Il “flourish” è invece un semplice squillo di tromba, usato per circostanze analoghe, ma meno solenni o pompose.

L’“alarm” è normalmente un rullo di tamburo, usato per annunciare una battaglia in corso, l’ingresso di un esercito in marcia, un funerale. Può accompagnarsi con gli altri due segnali.

Quali forme musicali avessero questi segnali è, naturalmente, ignoto.

(100)All’epoca, tra le famiglie nobili si promettevano in sposa, e talvolta si maritavano anche, bambine non ancora puberi.

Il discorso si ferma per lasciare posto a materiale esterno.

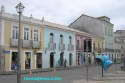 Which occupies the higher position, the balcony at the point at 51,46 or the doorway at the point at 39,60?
the balcony at the point at 51,46

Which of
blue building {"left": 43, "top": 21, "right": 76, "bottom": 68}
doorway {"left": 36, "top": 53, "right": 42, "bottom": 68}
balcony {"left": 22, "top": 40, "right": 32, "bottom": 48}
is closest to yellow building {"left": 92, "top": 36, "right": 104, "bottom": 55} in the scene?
blue building {"left": 43, "top": 21, "right": 76, "bottom": 68}

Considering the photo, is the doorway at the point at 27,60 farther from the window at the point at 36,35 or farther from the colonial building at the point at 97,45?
the colonial building at the point at 97,45

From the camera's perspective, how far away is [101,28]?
6372 centimetres

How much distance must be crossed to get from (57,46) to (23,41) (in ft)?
29.5

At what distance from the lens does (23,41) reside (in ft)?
121

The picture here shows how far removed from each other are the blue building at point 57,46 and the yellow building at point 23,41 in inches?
52.4

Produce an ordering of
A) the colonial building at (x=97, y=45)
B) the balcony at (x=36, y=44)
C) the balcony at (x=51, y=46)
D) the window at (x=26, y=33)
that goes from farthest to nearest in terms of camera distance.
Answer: the colonial building at (x=97, y=45) < the balcony at (x=51, y=46) < the balcony at (x=36, y=44) < the window at (x=26, y=33)

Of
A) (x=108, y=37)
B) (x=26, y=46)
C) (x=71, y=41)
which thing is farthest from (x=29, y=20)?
(x=108, y=37)

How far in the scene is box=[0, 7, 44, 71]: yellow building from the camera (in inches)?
1357

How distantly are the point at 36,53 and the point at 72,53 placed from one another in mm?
10984

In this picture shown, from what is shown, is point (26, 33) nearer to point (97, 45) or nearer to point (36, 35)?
point (36, 35)

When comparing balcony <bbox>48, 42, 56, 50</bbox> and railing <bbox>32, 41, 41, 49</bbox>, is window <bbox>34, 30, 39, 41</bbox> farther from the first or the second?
balcony <bbox>48, 42, 56, 50</bbox>

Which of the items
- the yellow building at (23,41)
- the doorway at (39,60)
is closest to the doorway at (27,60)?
the yellow building at (23,41)

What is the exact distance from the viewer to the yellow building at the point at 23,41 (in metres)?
34.5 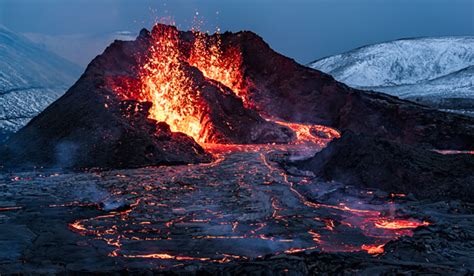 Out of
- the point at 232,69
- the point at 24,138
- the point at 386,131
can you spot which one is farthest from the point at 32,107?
the point at 386,131

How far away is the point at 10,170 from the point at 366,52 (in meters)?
107

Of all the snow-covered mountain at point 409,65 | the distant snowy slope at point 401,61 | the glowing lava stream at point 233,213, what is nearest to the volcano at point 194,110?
the glowing lava stream at point 233,213

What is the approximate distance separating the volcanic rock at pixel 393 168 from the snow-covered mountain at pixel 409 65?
6845 cm

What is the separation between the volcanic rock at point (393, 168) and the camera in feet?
40.5

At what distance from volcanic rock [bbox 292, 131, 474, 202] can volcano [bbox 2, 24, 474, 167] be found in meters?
4.80

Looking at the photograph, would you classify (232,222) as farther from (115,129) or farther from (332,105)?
(332,105)

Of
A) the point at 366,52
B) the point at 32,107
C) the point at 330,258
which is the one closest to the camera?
the point at 330,258

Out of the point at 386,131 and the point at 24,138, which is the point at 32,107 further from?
the point at 386,131

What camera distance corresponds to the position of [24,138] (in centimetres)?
1855

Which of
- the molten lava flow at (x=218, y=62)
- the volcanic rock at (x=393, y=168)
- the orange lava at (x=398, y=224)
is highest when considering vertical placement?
the molten lava flow at (x=218, y=62)

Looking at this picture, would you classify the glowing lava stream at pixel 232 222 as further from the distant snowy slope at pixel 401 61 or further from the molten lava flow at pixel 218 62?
the distant snowy slope at pixel 401 61

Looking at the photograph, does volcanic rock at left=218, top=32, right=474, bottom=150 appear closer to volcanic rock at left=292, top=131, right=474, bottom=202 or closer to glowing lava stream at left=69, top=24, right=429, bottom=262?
glowing lava stream at left=69, top=24, right=429, bottom=262

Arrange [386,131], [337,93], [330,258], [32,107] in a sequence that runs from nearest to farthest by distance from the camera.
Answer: [330,258] < [386,131] < [337,93] < [32,107]

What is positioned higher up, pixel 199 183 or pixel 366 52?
pixel 366 52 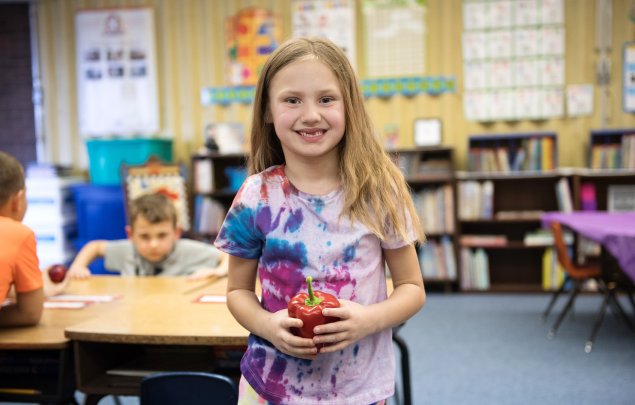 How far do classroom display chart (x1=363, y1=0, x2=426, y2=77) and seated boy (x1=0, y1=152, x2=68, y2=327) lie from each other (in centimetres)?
424

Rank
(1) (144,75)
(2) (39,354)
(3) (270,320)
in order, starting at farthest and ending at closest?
1. (1) (144,75)
2. (2) (39,354)
3. (3) (270,320)

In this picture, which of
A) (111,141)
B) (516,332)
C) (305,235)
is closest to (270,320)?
(305,235)

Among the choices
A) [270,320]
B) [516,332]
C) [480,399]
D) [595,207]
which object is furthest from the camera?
[595,207]

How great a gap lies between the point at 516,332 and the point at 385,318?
335 cm

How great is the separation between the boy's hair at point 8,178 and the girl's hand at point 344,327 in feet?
4.27

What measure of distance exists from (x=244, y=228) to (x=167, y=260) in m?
1.80

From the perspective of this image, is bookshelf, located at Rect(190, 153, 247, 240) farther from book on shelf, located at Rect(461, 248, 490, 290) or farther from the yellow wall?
book on shelf, located at Rect(461, 248, 490, 290)

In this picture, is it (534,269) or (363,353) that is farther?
(534,269)

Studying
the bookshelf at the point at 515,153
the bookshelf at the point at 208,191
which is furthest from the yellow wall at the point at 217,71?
the bookshelf at the point at 208,191

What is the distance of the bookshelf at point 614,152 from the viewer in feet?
17.2

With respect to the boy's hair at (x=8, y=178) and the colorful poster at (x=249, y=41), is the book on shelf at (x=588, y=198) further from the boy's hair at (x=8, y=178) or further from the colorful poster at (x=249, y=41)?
the boy's hair at (x=8, y=178)

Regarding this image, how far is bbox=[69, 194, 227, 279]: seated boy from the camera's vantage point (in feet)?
9.05

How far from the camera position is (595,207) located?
5473 mm

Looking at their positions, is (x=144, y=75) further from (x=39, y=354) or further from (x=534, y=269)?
(x=39, y=354) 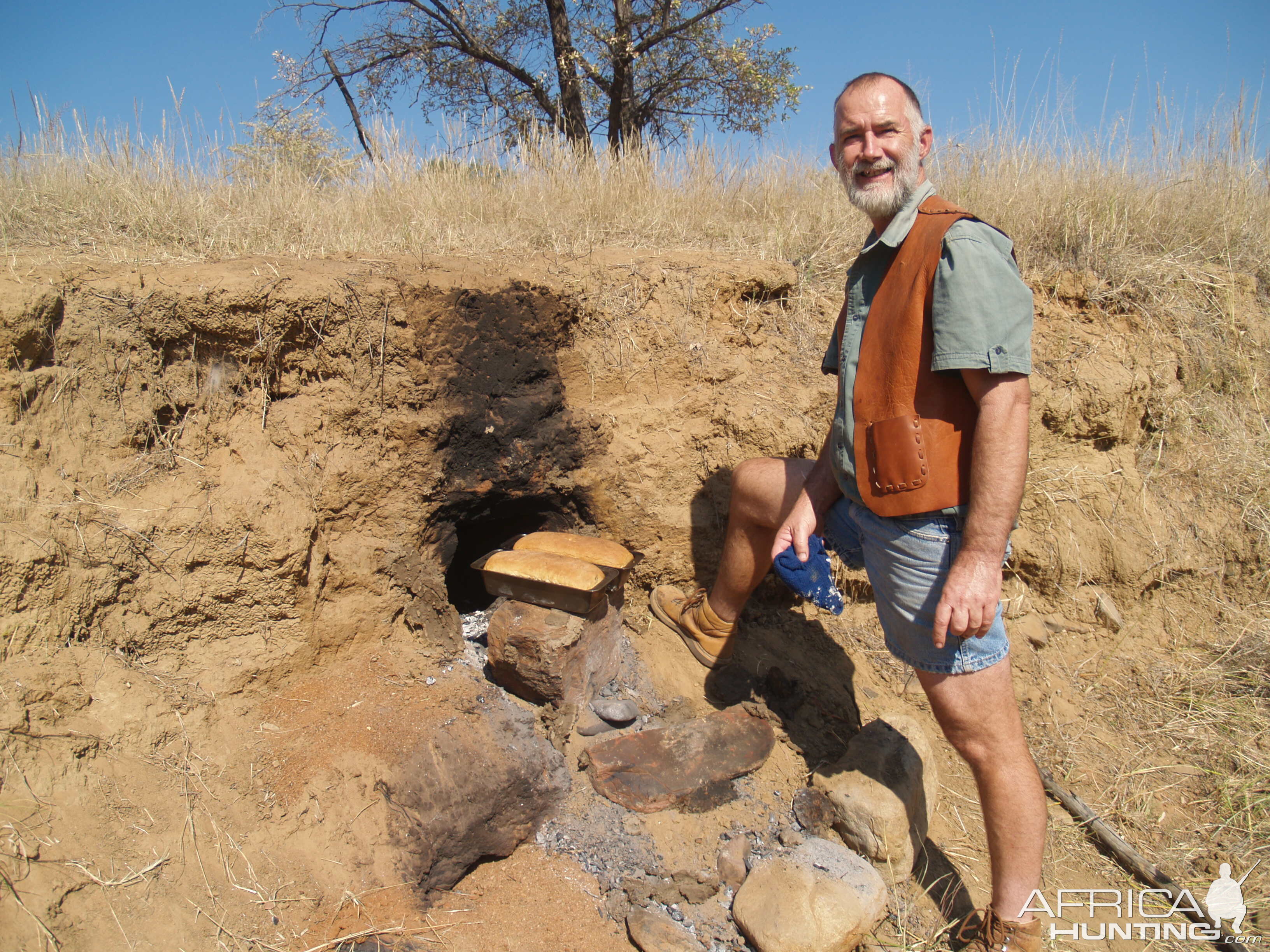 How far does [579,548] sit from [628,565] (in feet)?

(101) Il testo ha un generico: “Go by this token”, dove “token” è qualunque cosa che possa darsi come pegno, campione, segno di riconoscimento, ecc. Alcuni intendono “con questo anello”. Il fatto è che ciò che Riccardo consegna a Tyrrell non si sa: è una di quelle cose che Shakespeare lascia alla fantasia del regista o di chi legge.

(102)Rise and lend thine ear”: è da intendere che Riccardo sia sempre seduto in trono, e Tyrrell si sia inginocchiato ai suoi piedi.

(103) Quel che Riccardo sussurra all’orecchio di Tyrrell ce lo farà sapere il racconto di questi nella scena seguente: Riccardo gli dice come deve uccidere i bimbi: soffocandoli. Con quale dinamica, però, non si sa. “We smothered”- dirà l’altro sicario Dighton; ed è lo stesso verbo che si ritrova nell’“Otello” nella didascalia della scena finale: “Smothers her”; dove, in verità, non fu mai pacifico tra i critici se si tratti di soffocamento mediante strozzamento, o mediante la pressione di un cuscino sulla bocca.